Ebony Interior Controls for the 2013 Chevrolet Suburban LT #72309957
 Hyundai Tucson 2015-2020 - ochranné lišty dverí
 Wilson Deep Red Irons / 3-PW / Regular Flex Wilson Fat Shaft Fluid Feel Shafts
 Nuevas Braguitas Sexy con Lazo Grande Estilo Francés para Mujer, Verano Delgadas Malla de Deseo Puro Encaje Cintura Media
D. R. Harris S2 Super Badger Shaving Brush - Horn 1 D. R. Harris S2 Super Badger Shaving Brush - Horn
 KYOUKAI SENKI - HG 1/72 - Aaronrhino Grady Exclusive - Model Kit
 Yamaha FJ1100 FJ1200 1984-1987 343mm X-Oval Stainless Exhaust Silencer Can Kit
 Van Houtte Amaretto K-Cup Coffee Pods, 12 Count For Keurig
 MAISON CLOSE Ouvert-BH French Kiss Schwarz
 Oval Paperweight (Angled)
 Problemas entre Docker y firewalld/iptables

• WHAT THE TASK REQUIRES
In the listing above, how many of the lines include "Oval"? Give only the figure.

• ANSWER
2